公的年金の物価スライドは
高齢者の生活費上昇を反映すると限らず

 日本の公的年金には、物価スライドがある。従って物価が上昇しても、年金の実質額は減らないような気がする。しかし、実際には必ずしもそうではないのだ。

 これを見るため、日本の年金における物価スライドがどのように行われるかを確認しておこう。

 まず、物価の伸び率が賃金の伸び率を下回る場合には、物価の伸び率が年金のスライドに用いられる。それに対して、賃金の伸び率が物価の伸び率を下回る場合には、現役世代の負担能力を考慮して、より低い率である賃金の伸び率(名目手取り賃金変動率)が用いられる。

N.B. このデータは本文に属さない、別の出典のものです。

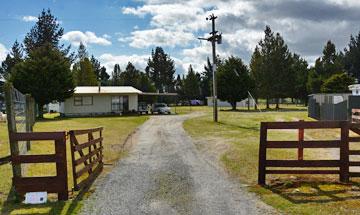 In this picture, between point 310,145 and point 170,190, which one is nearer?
point 170,190

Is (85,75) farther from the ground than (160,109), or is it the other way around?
(85,75)

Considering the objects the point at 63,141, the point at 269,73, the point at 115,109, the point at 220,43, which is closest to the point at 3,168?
the point at 63,141

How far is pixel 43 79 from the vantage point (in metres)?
41.7

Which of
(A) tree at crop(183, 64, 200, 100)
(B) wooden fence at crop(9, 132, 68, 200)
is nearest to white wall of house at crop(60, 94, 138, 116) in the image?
(B) wooden fence at crop(9, 132, 68, 200)

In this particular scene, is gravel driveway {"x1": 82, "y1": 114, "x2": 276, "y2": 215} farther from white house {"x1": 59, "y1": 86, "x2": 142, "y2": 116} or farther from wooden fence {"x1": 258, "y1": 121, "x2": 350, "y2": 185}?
white house {"x1": 59, "y1": 86, "x2": 142, "y2": 116}

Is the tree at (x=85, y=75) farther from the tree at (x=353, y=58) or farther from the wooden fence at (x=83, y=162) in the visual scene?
the wooden fence at (x=83, y=162)

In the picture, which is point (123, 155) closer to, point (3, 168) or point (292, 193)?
point (3, 168)

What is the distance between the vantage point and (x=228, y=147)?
17094 mm

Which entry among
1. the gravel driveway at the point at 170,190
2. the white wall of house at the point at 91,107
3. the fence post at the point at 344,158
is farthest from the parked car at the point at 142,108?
the fence post at the point at 344,158

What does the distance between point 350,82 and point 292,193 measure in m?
56.7

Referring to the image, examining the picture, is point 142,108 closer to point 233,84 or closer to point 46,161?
point 233,84

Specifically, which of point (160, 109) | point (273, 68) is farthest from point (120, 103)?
point (273, 68)

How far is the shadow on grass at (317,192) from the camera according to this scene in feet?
26.3

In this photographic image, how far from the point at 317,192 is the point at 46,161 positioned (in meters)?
A: 5.14
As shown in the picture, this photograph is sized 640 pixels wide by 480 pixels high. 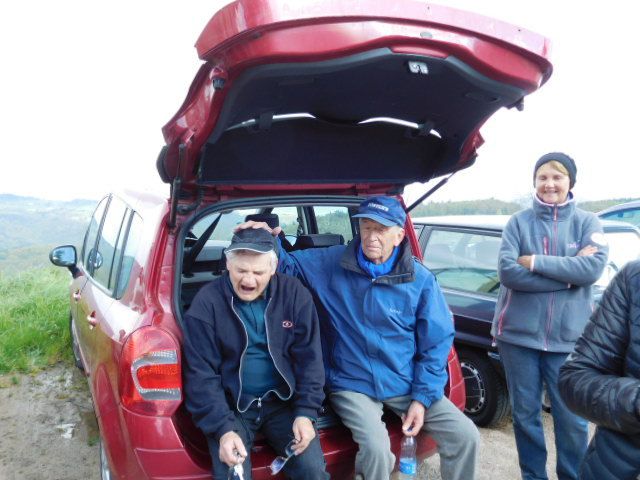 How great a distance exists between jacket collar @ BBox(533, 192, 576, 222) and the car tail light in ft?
6.37

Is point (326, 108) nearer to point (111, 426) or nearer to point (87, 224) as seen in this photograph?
point (111, 426)

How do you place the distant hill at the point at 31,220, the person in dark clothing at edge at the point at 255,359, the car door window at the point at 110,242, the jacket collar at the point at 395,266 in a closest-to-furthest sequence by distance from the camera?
the person in dark clothing at edge at the point at 255,359, the jacket collar at the point at 395,266, the car door window at the point at 110,242, the distant hill at the point at 31,220

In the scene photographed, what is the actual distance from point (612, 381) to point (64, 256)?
12.1 feet

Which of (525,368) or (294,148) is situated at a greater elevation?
(294,148)

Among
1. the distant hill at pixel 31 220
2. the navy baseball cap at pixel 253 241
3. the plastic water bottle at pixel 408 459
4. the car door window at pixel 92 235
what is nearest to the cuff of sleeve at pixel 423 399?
the plastic water bottle at pixel 408 459

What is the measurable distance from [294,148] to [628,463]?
5.99 feet

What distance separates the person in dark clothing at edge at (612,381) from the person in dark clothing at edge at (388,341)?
0.75m

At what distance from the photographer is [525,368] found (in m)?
2.62

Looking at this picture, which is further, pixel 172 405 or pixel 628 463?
pixel 172 405

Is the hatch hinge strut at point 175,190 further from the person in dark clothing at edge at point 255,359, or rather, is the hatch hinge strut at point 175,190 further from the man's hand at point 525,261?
the man's hand at point 525,261

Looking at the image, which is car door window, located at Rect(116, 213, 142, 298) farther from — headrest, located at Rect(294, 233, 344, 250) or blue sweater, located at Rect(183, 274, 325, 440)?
headrest, located at Rect(294, 233, 344, 250)

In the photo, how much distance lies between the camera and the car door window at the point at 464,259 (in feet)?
12.6

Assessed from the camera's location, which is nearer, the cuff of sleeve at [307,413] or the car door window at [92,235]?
the cuff of sleeve at [307,413]

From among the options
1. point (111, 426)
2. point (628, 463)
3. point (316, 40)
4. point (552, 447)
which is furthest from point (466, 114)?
point (552, 447) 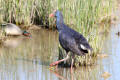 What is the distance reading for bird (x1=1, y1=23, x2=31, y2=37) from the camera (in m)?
11.0

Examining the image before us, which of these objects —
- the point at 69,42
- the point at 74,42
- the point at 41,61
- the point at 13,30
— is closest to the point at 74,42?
the point at 74,42

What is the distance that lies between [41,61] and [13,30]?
2988 millimetres

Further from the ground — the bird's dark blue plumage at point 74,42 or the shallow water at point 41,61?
the bird's dark blue plumage at point 74,42

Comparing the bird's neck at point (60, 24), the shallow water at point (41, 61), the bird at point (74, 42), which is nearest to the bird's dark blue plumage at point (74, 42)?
the bird at point (74, 42)

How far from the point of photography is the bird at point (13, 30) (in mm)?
11023

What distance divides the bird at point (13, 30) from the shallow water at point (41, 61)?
0.19 meters

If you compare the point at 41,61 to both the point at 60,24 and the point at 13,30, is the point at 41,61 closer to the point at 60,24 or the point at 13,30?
the point at 60,24

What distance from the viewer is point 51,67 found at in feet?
25.5

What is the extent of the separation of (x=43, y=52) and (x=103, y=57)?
1.67 m

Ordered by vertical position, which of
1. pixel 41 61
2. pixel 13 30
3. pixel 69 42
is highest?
pixel 69 42

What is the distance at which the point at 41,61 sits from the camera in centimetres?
833

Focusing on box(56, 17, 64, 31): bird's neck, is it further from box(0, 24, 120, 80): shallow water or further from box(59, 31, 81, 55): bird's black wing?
box(0, 24, 120, 80): shallow water

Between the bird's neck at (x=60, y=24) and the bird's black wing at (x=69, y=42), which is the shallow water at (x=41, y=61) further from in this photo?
the bird's neck at (x=60, y=24)

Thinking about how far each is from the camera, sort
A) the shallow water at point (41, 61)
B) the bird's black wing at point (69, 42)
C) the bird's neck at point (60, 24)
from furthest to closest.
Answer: the bird's neck at point (60, 24) < the shallow water at point (41, 61) < the bird's black wing at point (69, 42) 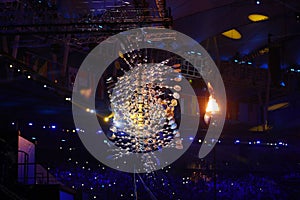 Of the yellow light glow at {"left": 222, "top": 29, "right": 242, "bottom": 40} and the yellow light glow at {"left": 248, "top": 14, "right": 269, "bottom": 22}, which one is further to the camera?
the yellow light glow at {"left": 222, "top": 29, "right": 242, "bottom": 40}

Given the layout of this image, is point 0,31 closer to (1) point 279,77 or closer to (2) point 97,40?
(2) point 97,40

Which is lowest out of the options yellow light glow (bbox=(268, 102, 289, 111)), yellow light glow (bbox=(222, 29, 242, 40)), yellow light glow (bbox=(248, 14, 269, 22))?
yellow light glow (bbox=(268, 102, 289, 111))

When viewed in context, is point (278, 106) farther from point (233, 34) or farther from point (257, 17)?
point (257, 17)

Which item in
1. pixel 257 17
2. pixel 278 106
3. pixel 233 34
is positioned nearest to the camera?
pixel 257 17

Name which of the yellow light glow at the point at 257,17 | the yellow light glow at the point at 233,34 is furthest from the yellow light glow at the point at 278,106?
the yellow light glow at the point at 257,17

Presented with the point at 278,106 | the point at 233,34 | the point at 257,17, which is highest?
the point at 257,17

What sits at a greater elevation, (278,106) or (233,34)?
(233,34)

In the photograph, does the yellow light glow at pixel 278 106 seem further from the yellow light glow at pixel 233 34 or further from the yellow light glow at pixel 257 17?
the yellow light glow at pixel 257 17

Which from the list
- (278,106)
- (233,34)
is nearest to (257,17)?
(233,34)

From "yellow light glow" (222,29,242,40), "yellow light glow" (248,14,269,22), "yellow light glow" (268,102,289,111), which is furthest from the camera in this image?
"yellow light glow" (268,102,289,111)

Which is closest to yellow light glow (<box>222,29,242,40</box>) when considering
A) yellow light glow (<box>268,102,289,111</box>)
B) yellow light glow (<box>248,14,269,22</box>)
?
yellow light glow (<box>248,14,269,22</box>)

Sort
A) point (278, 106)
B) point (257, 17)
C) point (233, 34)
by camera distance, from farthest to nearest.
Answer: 1. point (278, 106)
2. point (233, 34)
3. point (257, 17)

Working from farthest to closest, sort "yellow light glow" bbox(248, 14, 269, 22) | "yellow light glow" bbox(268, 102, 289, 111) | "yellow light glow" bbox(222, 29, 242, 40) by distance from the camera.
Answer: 1. "yellow light glow" bbox(268, 102, 289, 111)
2. "yellow light glow" bbox(222, 29, 242, 40)
3. "yellow light glow" bbox(248, 14, 269, 22)

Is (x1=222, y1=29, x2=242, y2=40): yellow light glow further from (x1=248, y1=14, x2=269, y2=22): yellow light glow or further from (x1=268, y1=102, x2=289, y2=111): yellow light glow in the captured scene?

 また、以上のほかに「マクロ経済スライド」による調整がある。これは、少子高齢化に対応するため、04年に導入された制度だ。物価や賃金が上昇した場合、現役世代の人口減を年金の改定率に反映させ、一定の調整率を差し引く。

 これまでの日本では、4年間連続して実質賃金の伸び率(前年同月比)がマイナスだった。つまり賃金の伸び率が物価上昇率より低かった。従って、公的年金の物価スライドには、物価上昇率より伸び率が低い賃金伸び率が用いられたことになる。

 ところが、実質賃金の伸び率は、26年1月から3カ月連続のプラスになっている。5月8日に公表された3月の毎月勤労統計調査(速報値)によると、1人当たりの実質賃金は、前年同月比で1.0%増となった(対象は従業員5人以上の事業所)。

 3カ月以上プラスが続くのは、21年2月から8月までの7カ月連続以来のことだ。

 今後もこの状態が続くとしよう。つまり、賃金の伸び率が物価上昇率より高い状態が続くとしよう。その場合には、インフレスライドには、物価上昇率が用いられることになる(ただし、これに加えてマクロ経済スライドも行われるので、年金額が物価上昇率と同率で増加するとは限らない)。

 問題は、平均的な消費者物価指数は、高齢者が実際に直面する生活費の上昇をそのまま反映するとは限らないことだ。

自動車をあまり使わない高齢者は
恩恵受けず、年金の実質額は減少

 この点は重要だ。現在の消費者物価上昇率は、ガソリン価格の補助などによって押し下げられている。ところが、自動車をあまり使わない高齢者は、その恩恵を十分に受けない一方で、食料品や光熱費など、日常生活に欠かせない支出の上昇には直面している。

 従って、公式の物価上昇率に合わせて年金が改定されたとしても、全ての高齢者にとって実質的な生活水準が維持されるとは限らない。特にガソリン消費が少なく、食料品や光熱費の負担が大きい高齢者世帯では、年金の改定が実際の生活費上昇に追い付かない可能性がある。

 もちろん、全ての高齢者がガソリン補助の恩恵を受けないわけではない。地方在住で車が生活必需品となっている高齢者にとっては、ガソリン価格の低下は大きな助けになる。

 つまり、「高齢者全体が一律に損をする」ということではなく、生活様式や居住地域によって、物価対策の恩恵に大きな偏りが生じるのだ。